In any case, all this seems strange. Why should the definite integral evaluated one way give $0$, and in another way give something else?

• You may want to find the anti derivative by multiplying top and bottom by the squareroot of the conjugate. You will end up with the absolute value of the sine term on top and the square root of 1+cosx in the bottom. This integrates easily. Mind the absolute value though as you apply your upper and lower limit. Commented Oct 30, 2013 at 19:57
• Ahh ok that makes sense. So to get rid of the absolute value sign, you can split up the integral from $0$ to $\pi$ and $\pi$ to $2\pi$ Commented Oct 30, 2013 at 20:02
• Yes, you ought to split that integral. Commented Oct 30, 2013 at 20:05

$$\int_0^{2\pi}\sqrt{1-\cos x}\,dx=\int_0^{2\pi}\sqrt{2\sin^2\frac{x}{2}}\,dx =\sqrt{2}\int_0^{2\pi}\sin\frac{x}{2}\,dx=-2\sqrt{2}\cos\frac{x}{2}\Big|_0^{2\pi}=4\sqrt{2}.$$
• @RonGordon $x/2 \in [0,\pi] \Rightarrow \sin(x/2) \ge 0$. Commented Oct 30, 2013 at 20:49
• Good old $\cos(2x) = \cos^2(x)-\sin^2(x)= 1-2\sin^2(x) = 2\cos^2(x)-1$. Commented Oct 31, 2013 at 1:25
Your $u$-substitutions should be injective on their interval of evaluation. Otherwise, you risk running into exactly this sort of issue.
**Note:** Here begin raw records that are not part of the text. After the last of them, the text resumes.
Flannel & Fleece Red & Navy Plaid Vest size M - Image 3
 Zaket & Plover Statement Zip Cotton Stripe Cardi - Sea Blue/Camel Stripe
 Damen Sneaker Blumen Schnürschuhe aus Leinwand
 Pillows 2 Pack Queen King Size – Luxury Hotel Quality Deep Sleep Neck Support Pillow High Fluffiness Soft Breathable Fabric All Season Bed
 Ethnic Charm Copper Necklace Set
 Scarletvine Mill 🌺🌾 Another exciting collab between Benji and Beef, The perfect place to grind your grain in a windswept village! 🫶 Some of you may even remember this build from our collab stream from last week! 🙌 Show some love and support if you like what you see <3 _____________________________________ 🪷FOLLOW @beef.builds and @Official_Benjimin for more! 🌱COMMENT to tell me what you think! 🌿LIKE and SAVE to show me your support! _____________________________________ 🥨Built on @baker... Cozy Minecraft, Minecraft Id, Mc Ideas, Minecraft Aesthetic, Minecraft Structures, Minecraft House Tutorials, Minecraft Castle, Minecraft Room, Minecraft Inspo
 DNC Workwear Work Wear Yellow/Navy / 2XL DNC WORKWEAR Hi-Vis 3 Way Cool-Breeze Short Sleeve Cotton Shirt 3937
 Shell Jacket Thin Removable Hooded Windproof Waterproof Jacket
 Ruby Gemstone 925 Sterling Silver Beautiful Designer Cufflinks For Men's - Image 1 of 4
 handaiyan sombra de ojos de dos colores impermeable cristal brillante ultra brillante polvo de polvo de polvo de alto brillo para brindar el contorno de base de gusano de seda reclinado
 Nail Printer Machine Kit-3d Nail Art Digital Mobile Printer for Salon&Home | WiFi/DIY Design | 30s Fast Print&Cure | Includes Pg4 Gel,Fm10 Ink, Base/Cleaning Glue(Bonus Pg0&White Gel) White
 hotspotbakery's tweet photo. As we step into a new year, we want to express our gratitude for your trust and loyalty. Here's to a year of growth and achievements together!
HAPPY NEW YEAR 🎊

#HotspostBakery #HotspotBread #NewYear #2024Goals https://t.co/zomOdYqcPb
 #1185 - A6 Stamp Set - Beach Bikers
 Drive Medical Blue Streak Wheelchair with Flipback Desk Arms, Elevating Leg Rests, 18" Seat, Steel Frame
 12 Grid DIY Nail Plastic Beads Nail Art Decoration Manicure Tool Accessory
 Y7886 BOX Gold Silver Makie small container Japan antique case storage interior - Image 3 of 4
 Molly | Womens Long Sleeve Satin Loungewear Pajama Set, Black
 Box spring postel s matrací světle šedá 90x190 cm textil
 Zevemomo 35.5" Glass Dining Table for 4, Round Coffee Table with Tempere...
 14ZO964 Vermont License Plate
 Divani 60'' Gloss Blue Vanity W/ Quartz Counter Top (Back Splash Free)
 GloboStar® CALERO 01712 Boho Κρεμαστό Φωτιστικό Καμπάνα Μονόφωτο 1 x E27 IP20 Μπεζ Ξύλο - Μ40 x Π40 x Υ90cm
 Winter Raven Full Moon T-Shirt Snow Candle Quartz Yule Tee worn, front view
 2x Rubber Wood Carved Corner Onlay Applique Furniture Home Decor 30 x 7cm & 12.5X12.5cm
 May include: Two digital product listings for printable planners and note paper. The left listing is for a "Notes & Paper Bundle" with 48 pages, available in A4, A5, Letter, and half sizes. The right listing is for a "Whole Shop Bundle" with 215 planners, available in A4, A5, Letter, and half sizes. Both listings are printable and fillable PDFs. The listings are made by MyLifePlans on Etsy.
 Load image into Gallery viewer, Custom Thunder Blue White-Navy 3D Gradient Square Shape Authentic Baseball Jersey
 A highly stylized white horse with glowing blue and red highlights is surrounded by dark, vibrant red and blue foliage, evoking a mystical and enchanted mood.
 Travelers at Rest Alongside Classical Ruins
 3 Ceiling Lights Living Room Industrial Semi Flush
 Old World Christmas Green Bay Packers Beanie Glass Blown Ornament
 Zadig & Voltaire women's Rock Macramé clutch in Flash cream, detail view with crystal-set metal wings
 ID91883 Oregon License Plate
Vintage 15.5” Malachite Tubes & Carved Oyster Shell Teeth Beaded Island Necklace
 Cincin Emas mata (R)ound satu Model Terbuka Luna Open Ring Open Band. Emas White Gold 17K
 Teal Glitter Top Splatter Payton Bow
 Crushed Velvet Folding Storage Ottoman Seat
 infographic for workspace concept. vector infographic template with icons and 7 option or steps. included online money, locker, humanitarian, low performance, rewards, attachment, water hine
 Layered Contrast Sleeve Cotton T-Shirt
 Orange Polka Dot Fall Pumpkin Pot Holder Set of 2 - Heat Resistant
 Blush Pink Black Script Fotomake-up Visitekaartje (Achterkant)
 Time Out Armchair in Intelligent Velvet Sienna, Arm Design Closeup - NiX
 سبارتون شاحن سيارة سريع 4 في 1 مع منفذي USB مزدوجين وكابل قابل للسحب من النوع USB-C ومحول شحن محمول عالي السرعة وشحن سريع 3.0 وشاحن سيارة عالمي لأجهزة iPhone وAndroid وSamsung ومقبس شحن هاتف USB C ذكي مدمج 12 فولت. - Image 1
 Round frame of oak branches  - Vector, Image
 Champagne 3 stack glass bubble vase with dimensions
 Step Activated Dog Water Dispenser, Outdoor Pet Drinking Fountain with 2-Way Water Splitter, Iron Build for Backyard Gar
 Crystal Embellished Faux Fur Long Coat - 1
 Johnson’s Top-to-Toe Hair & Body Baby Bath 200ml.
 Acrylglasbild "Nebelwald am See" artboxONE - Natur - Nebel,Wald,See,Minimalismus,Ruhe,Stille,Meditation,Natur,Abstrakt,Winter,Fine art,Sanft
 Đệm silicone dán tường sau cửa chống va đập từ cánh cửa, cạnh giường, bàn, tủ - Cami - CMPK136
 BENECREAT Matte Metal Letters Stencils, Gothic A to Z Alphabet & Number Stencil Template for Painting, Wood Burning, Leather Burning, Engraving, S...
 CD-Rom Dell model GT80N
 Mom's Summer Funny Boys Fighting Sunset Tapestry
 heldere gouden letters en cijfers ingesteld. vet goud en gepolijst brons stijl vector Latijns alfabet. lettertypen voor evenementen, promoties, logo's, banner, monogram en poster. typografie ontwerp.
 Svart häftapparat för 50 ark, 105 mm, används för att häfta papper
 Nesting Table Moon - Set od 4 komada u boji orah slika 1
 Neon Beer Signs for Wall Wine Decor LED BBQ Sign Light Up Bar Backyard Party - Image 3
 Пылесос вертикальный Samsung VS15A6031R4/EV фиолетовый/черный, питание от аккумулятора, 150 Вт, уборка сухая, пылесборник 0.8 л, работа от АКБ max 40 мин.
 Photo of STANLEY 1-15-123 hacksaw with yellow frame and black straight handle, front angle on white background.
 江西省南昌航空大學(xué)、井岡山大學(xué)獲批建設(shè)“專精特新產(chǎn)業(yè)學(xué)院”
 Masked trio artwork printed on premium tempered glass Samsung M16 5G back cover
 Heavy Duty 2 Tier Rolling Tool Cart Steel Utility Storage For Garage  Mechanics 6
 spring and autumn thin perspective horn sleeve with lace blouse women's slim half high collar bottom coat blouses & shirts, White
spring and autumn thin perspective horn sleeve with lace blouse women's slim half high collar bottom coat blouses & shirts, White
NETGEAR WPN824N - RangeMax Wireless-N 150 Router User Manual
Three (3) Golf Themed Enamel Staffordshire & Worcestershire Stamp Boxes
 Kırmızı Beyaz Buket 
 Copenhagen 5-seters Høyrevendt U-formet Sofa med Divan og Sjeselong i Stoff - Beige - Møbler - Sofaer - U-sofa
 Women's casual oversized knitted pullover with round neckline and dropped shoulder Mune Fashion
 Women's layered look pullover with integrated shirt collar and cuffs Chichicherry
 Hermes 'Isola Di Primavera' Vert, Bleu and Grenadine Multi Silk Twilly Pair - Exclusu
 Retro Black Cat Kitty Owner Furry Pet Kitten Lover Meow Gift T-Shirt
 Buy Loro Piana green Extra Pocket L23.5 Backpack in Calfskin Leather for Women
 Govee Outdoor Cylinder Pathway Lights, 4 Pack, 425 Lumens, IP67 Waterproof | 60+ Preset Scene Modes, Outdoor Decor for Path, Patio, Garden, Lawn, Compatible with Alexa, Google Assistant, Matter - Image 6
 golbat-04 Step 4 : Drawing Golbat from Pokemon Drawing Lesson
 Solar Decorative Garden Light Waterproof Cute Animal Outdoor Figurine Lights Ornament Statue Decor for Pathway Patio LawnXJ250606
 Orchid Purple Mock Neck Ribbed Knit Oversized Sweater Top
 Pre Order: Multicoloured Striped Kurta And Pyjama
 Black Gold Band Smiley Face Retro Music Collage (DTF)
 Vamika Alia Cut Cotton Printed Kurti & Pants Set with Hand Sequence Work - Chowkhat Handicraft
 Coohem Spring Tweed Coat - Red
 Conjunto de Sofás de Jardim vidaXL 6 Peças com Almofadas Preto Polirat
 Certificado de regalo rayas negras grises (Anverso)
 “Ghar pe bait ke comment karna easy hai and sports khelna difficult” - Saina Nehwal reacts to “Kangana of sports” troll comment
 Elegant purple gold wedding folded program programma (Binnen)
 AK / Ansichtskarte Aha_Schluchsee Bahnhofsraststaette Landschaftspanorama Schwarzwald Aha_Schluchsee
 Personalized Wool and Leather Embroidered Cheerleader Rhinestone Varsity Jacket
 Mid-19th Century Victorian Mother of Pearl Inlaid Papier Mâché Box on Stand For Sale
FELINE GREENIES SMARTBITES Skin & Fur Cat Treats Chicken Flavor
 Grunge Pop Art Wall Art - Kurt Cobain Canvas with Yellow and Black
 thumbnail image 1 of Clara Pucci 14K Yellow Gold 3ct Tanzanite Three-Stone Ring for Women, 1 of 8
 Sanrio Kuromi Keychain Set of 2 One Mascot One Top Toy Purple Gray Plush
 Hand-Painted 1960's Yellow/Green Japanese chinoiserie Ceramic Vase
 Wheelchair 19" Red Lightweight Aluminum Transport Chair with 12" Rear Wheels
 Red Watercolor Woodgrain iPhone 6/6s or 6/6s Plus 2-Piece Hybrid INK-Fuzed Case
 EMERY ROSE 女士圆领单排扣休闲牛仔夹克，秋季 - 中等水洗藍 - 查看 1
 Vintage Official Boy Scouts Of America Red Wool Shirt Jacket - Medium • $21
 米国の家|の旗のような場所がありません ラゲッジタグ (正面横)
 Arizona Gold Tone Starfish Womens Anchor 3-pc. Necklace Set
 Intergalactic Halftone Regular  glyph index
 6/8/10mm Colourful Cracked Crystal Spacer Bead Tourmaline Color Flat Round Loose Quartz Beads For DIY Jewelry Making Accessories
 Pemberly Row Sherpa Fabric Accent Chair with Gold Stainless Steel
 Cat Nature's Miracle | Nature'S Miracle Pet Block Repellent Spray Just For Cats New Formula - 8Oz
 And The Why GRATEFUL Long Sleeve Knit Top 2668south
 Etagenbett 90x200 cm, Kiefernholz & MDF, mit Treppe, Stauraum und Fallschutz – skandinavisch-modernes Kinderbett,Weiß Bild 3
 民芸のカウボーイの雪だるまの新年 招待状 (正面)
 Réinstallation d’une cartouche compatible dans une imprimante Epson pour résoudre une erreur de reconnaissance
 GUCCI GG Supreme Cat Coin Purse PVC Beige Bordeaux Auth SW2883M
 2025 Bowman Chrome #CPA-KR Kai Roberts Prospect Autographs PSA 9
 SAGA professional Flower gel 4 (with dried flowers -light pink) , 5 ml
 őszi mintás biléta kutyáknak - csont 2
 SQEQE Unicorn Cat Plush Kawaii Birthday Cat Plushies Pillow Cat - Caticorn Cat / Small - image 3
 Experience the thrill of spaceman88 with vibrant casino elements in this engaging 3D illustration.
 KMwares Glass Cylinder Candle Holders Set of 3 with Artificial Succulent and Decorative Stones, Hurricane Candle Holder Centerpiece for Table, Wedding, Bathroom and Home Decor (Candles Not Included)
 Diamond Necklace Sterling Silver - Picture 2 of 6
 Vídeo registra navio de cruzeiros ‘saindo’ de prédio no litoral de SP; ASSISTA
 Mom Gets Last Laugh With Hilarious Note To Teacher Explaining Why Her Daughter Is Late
Note that \begin{align}|\sin x| &= \sqrt{\sin^2 x}\\ &= \sqrt{1-\cos^2 x}\\ &= \sqrt{1-\cos x}\sqrt{1+\cos x}\\ &=\sqrt{1-\cos x}\sqrt{2-(1-\cos x)},\end{align} so if you want to use $u=1-\cos x$, then $$\frac{du}{dx}=\sin x=\begin{cases}|\sin x|=\sqrt{1-\cos x}\sqrt{2-(1-\cos x)} & 0\le x\le \pi\\-|\sin x|=-\sqrt{1-\cos x}\sqrt{2-(1-\cos x)} & \pi\le x\le2\pi,\end{cases}$$ so \begin{align}\int_0^{2\pi}\sqrt{1-\cos x}\,dx &= \int_0^\pi\sqrt{1-\cos x}\,dx+\int_\pi^{2\pi}\sqrt{1-\cos x}\,dx\\ &= \int_0^\pi\frac{|\sin x|}{\sqrt{2-(1-\cos x)}}\,dx+\int_\pi^{2\pi}\frac{|\sin x|}{\sqrt{2-(1-\cos x)}}\,dx\\ &= \int_0^\pi\frac{\sin x\,dx}{\sqrt{2-(1-\cos x)}}-\int_\pi^{2\pi}\frac{\sin x\,dx}{\sqrt{2-(1-\cos x)}}\\ &= \int_0^2\frac{du}{\sqrt{2-u}}-\int_2^0\frac{du}{\sqrt{2-u}}\\ &= 2\int_0^2\frac{du}{\sqrt{2-u}}.\end{align} At that point, we can use that antiderivative, with no need to resubstitute.
Alternately, you could note that $\cos(2\pi-x)=\cos x$, so \begin{align}\int_0^{2\pi}\sqrt{1-\cos x}\,dx &= \int_0^\pi\sqrt{1-\cos x}\,dx+\int_\pi^{2\pi}\sqrt{1-\cos x}\,dx\\ &= \int_0^\pi\sqrt{1-\cos x}\,dx+\int_\pi^{2\pi}\sqrt{1-\cos(2\pi-x)}\,dx\\ &= \int_0^\pi\sqrt{1-\cos x}\,dx-\int_{2\pi}^\pi\sqrt{1-\cos(2\pi-x)}\,dx\\ &= \int_0^\pi\sqrt{1-\cos x}\,dx-\int_0^\pi\sqrt{1-\cos x}\frac{d(2\pi-x)}{dx}\,dx\\ &= 2\int_0^\pi\sqrt{1-\cos x}\,dx,\end{align} at which point you can use your $u$-substitution without fear, since the cosine function is injective on $[0,\pi]$.